The UWB Remote Parking Technology Solution
System Architecture
The UWB remote parking system is mainly composed of the vehicle end, the parking lot infrastructure end, and the user terminal. The vehicle end is equipped with a UWB positioning module, in-vehicle sensors (such as cameras, millimeter-wave radars), an in-vehicle controller, etc. The parking lot infrastructure end deploys UWB anchor points, which are used to provide positioning references for the vehicle. The user terminal is generally a mobile phone APP, which is used for interaction between the driver and the vehicle, issuing parking commands, and monitoring the parking process.
Working Process
Initialization stage: When the vehicle enters the parking lot area, the in-vehicle UWB module establishes a communication connection with the UWB anchor points in the parking lot, conducts signal calibration and synchronization, and obtains initial position information.
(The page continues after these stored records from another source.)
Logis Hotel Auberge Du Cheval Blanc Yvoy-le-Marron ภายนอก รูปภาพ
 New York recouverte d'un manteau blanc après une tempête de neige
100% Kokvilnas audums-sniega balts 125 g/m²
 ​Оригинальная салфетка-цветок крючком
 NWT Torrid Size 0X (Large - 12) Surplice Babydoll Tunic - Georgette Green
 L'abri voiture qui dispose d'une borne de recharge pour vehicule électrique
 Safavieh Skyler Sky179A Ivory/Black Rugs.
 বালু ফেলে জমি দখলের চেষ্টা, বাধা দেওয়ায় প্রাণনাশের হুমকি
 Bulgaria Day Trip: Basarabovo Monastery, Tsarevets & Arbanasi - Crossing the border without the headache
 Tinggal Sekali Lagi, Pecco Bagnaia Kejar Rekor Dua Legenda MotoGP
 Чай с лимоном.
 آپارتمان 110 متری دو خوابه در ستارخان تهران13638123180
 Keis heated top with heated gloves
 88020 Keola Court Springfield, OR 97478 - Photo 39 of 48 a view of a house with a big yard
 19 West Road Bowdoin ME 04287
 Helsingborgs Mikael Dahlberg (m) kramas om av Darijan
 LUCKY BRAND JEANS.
At the same time, the vehicle sensors are activated to scan the surrounding environment and construct an environmental map.
Command issuance: The driver selects the remote parking function through the mobile phone APP, enters the target parking space information or directly issues a parking command. The APP sends the command to the vehicle through a wireless network.
Path planning and execution: After receiving the command, the vehicle combines the UWB positioning information and sensor perception data, and uses the in-vehicle controller to plan the optimal parking path. Subsequently, the vehicle automatically controls operations such as acceleration, deceleration, and steering according to the planned path and drives towards the target parking space. During the driving process, it continuously uses UWB positioning and sensor data to adjust the path in real-time to ensure safe obstacle avoidance.
Parking completion feedback: After the vehicle completes parking, it sends a parking completion notification to the driver through the APP, informing the driver of information such as the vehicle's parking location.